L'audimat à mort
Hélène Risser
Hélène Risser, journaliste à Arrêt sur images, vient de publier un ouvrage dans la veine désormais classique de la dénonciation des turpitudes télévisuelles. Bien sûr, il y a un certain nombre de choses qu’on n’aime pas dans ce livre : son titre (!), le style journalistique (facile à lire, facile à oublier), l’anonymat des personnes interrogées. Mais il y a aussi de nombreuses informations et de nombreux témoignages sur deux sujets qui intéressent les bibliothécaires : la place de la culture à la télévision, d’une part ; la question de l’offre et de la demande, d’autre part. L’intérêt du livre est, aussi, de ne pas se focaliser sur TF1 ou sur la « télé-réalité ».

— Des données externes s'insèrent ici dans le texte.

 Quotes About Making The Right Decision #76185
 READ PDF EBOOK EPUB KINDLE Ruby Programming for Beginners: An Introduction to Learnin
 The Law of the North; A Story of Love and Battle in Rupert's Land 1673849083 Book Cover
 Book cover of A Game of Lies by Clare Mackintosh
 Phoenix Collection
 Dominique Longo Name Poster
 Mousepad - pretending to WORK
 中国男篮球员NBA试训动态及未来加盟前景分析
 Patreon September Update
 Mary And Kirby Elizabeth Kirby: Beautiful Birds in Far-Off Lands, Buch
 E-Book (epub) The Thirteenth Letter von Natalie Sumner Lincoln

On le sait, depuis la farce du « mieux-disant culturel », la culture c’est l’intruse à la télévision. Aucune émission culturelle sur M6, une seule sur TF1 (Vol de nuit, présentée par Patrick Poivre d’Arvor), une responsable de France 2 (Michèle Cotta, en 2001) affirmant sans sourciller : « De plus en plus souvent, le mot “émission culturelle” fait figure de repoussoir. » Dans les journaux télévisés de France 2, les sujets culturels représentaient 10 % en 1998 et moins de 4 % en 2002… Émissions culturelles, on le sait, qui sont de plus diffusées quand le public n’est pas devant le poste, « La nuit et l’été » pour reprendre le joli titre du rapport de Catherine Clément.

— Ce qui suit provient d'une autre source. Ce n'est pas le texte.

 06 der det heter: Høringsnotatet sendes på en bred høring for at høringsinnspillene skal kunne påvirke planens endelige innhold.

« Anti-élitisme et proximité font désormais partie du fond de sauce », analyse Hélène Risser. Parce qu’ils sont supposés soutenir l’audience : pour attirer et fidéliser des annonceurs, « la télévision doit faire des succès prévisibles ». Pas d’audace, pas d’extraordinaire, rien de distant : du familier, des « sujets miroirs » où se reconnaissent les spectateurs. C’est d’abord vrai pour la fiction, mais pas seulement. C’est d’abord vrai pour TF1, mais pas seulement. Une analyse statistique du contenu d’Envoyé spécial montre une évolution nette vers des sujets « fédérateurs » comme on dit dans le jargon : de moins en moins de sujets économiques ou de sujets étrangers, de plus en plus de sujets « sociétaux » (la prostitution, les célibattantes, les nouveaux papas). Comme l’avoue ingénument Françoise Joly : « Si Envoyé spécial tombait à 10 ou 12 % de parts de marché, on ne pourrait pas rester en prime time, ça c’est sûr. » France 2, dit son directeur général Christopher Baldelli, « ne doit pas être une télévision élitiste ». Leur alibi ? Arte et France 5.
Les bibliothécaires n’ont pas cet alibi, eux qui doivent essayer de proposer une offre qui soit l’équivalent de France 2, France 3, France 5 et Arte réunies – plus toutes les radios de Radio France.